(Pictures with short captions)
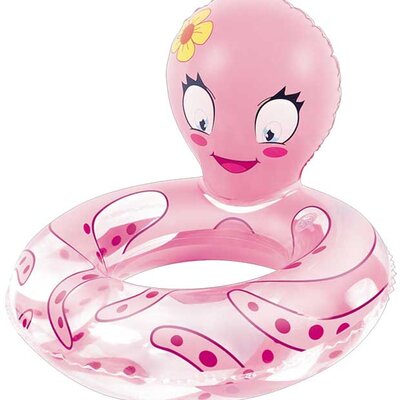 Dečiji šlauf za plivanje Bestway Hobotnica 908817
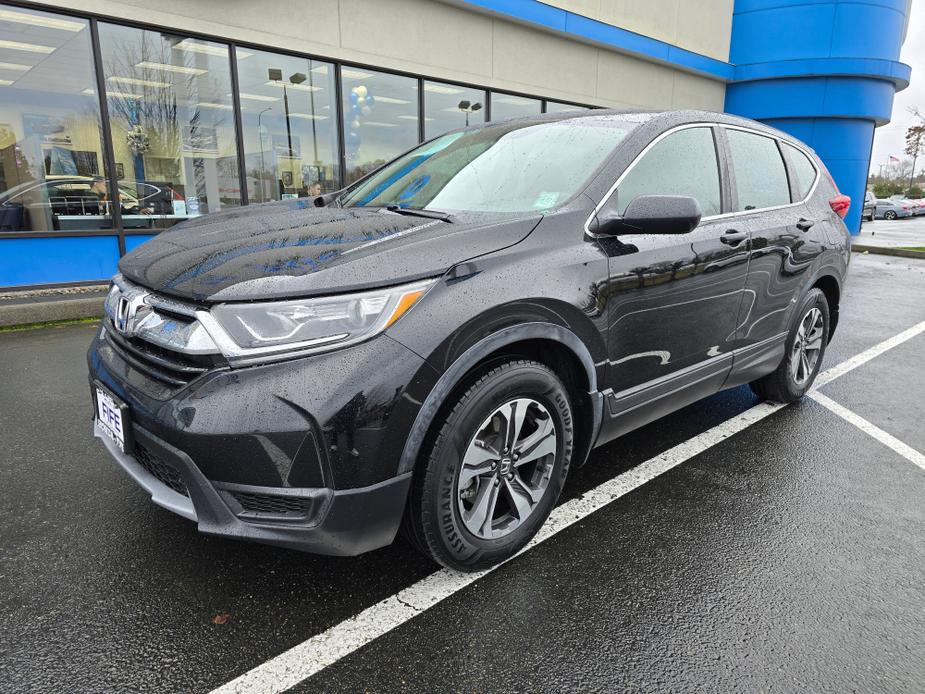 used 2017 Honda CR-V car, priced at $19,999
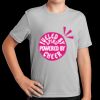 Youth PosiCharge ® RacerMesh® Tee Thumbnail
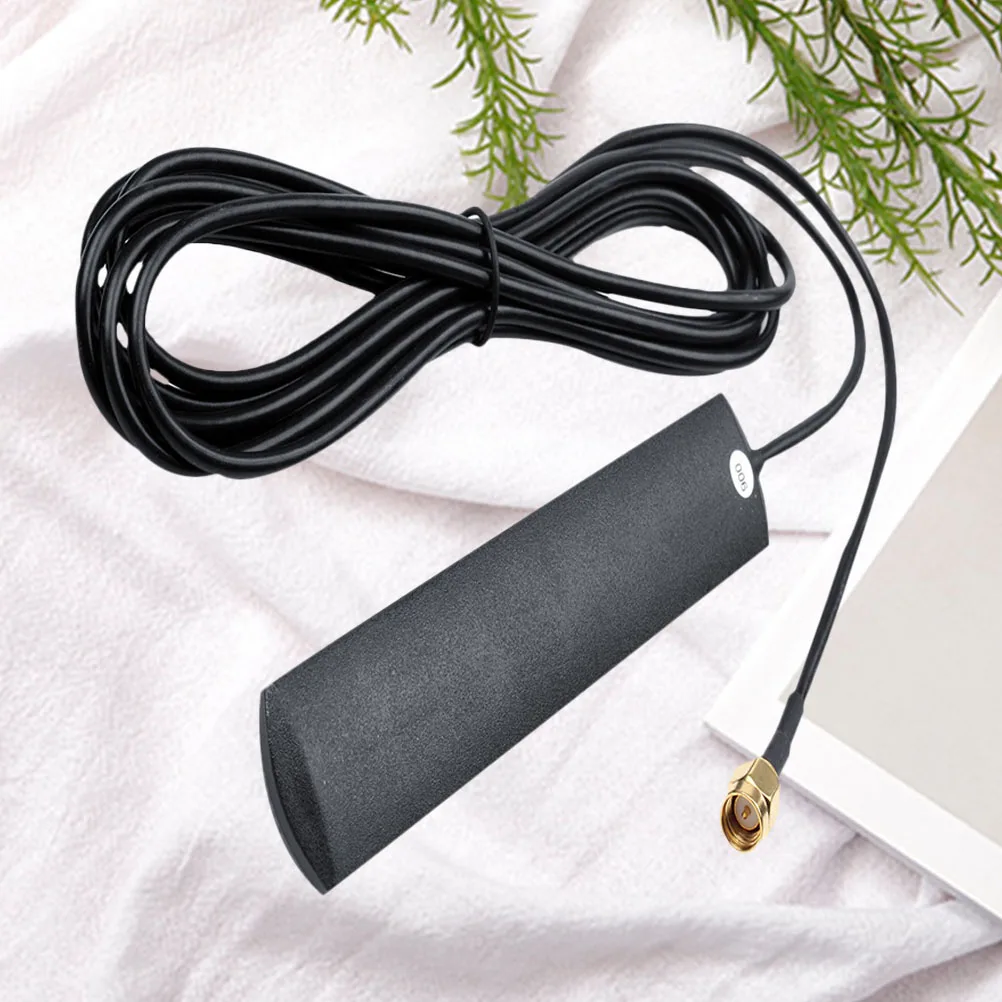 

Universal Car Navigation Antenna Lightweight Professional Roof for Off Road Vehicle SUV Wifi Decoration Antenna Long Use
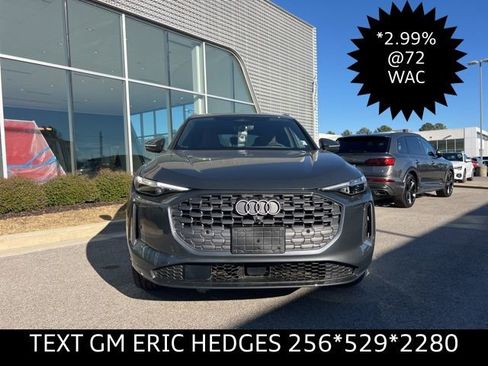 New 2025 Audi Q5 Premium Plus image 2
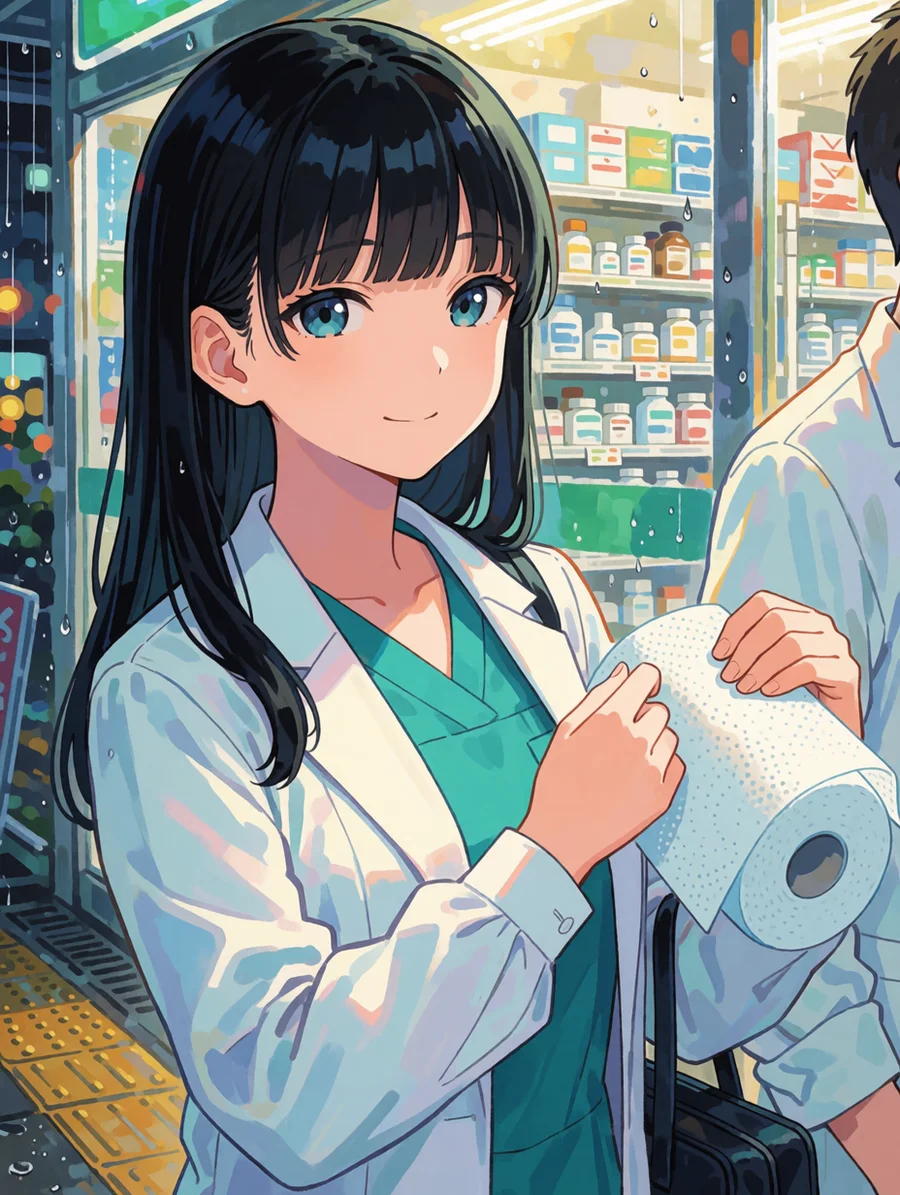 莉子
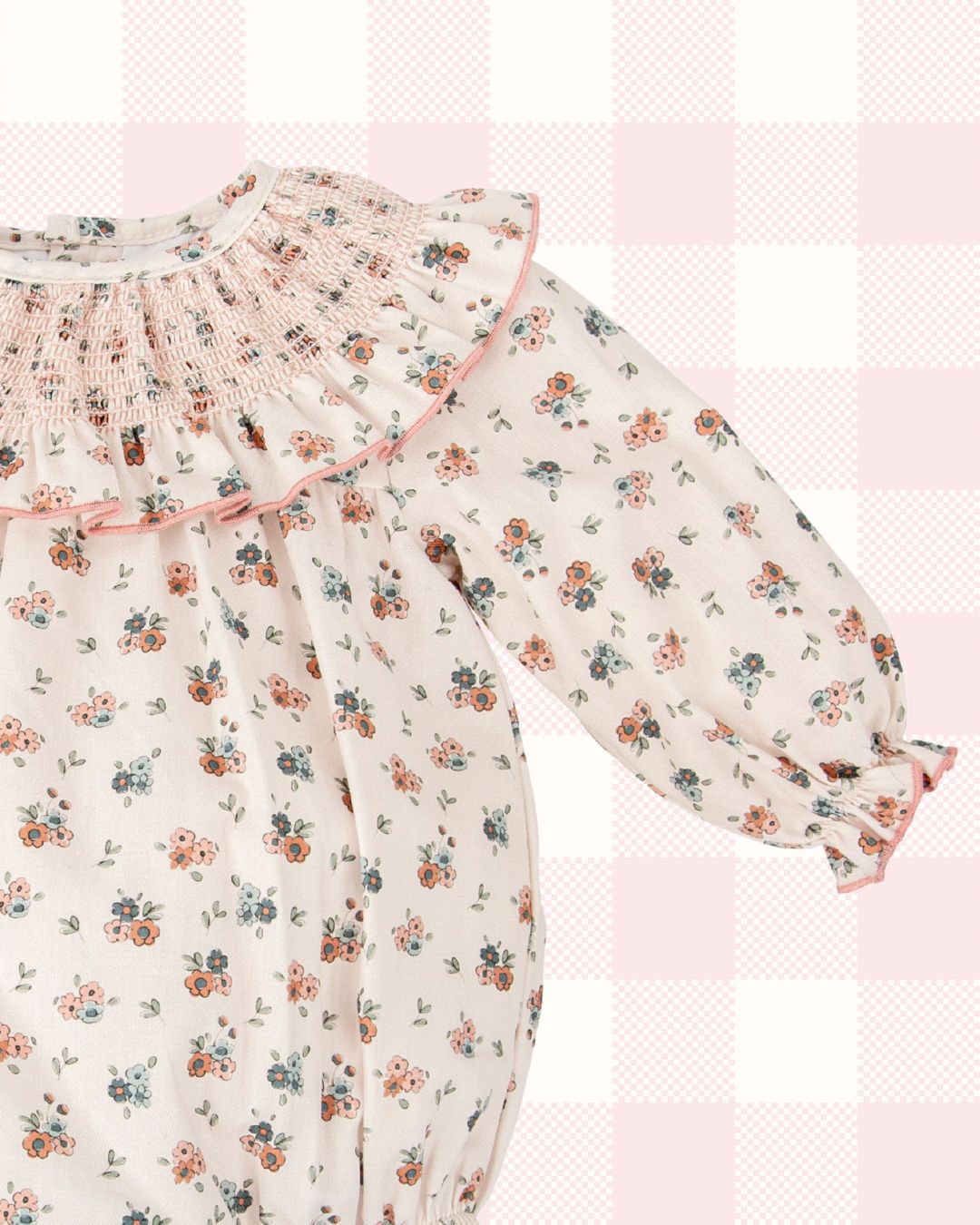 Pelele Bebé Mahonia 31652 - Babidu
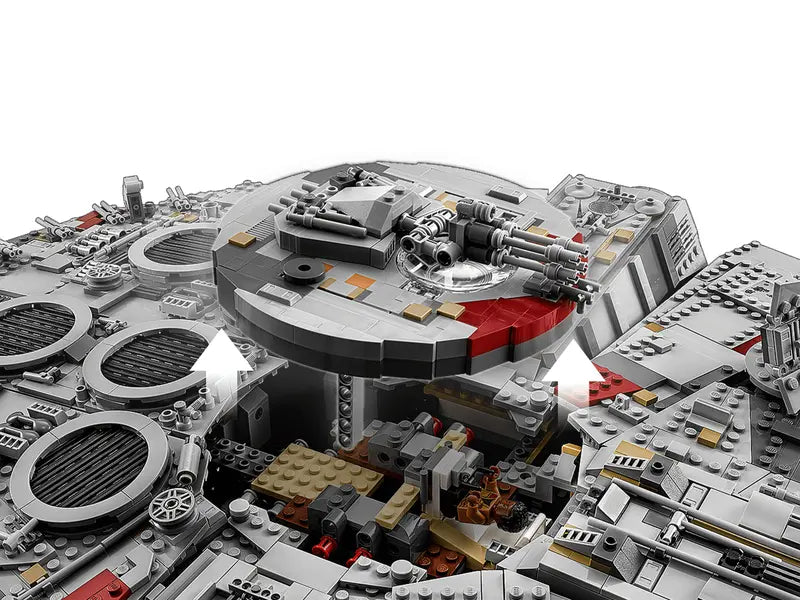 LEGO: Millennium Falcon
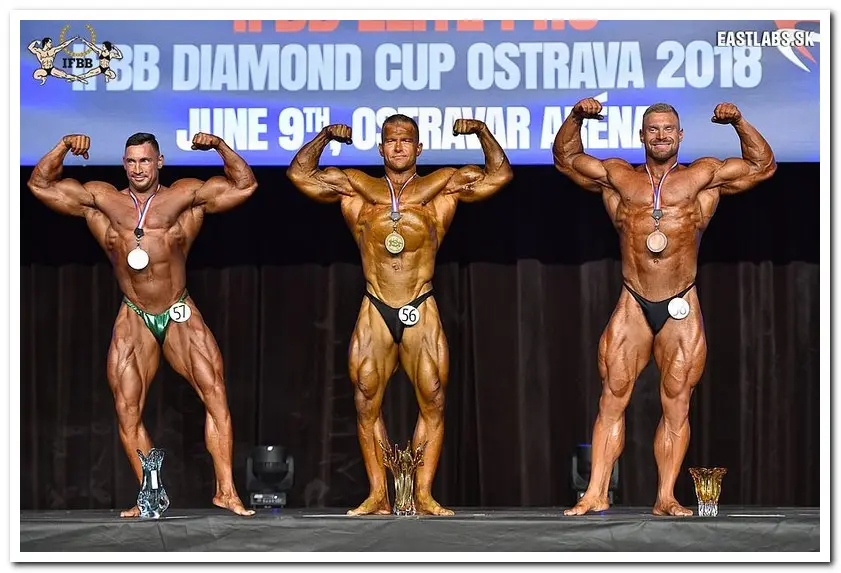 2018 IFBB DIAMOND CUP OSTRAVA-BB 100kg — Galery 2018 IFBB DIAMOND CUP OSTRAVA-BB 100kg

■ **HOW TO COMPLETE THIS TASK**
The answer consists solely of the lines from the one holding "Pelele Bebé Mahonia 31652 - Babidu" through the last line of the entries above, set down verbatim, without any pictures.

■ **RESULT OF THIS TASK**
 Pelele Bebé Mahonia 31652 - Babidu
 LEGO: Millennium Falcon
 2018 IFBB DIAMOND CUP OSTRAVA-BB 100kg — Galery 2018 IFBB DIAMOND CUP OSTRAVA-BB 100kg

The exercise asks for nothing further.